I am new to parallelization in general and concurrent.futures in particular. I want to benchmark my script and compare the differences between using threads and processes, but I found that I couldn't even get that running because when using ProcessPoolExecutor
I cannot use my global variables.
The following code will output Hello
as I expect, but when you change ThreadPoolExecutor
for ProcessPoolExecutor
, it will output None
.
from concurrent.futures import ProcessPoolExecutor, ThreadPoolExecutor
greeting = None
def process():
print(greeting)
return None
def main():
with ThreadPoolExecutor(max_workers=1) as executor:
executor.submit(process)
return None
def init():
global greeting
greeting = 'Hello'
return None
if __name__ == '__main__':
init()
main()
I don't understand why this is the case. In my real program, init is used to set the global variables to CLI arguments, and there are a lot of them. Hence, passing them as arguments does not seem recommended. So how do I pass those global variables to each process/thread correctly?
I know that I can change things around, which will work, but I don't understand why. E.g. the following works for both Executors, but it also means that the globals initialisation has to happen for every instance.

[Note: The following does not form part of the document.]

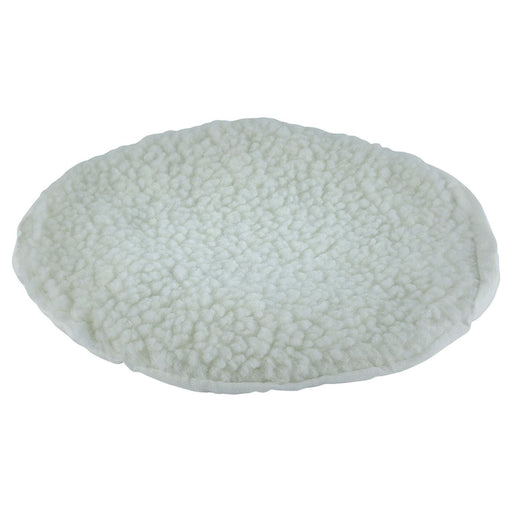 Draper 69490 Lambswool Polishing Bonnet, 240mm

from concurrent.futures import ProcessPoolExecutor, ThreadPoolExecutor
greeting = None
def init():
global greeting
greeting = 'Hello'
return None
def main():
with ThreadPoolExecutor(max_workers=1) as executor:
executor.submit(process)
return None
def process():
init()
print(greeting)
return None
if __name__ == '__main__':
main()
So my main question is, what is actually happening. Why does this code work with threads and not with processes? And, how do I correctly pass set globals to each process/thread without having to re-initialise them for every instance?
(Side note: because I have read that concurrent.futures might behave differently on Windows, I have to note that I am running Python 3.6 on Windows 10 64 bit.)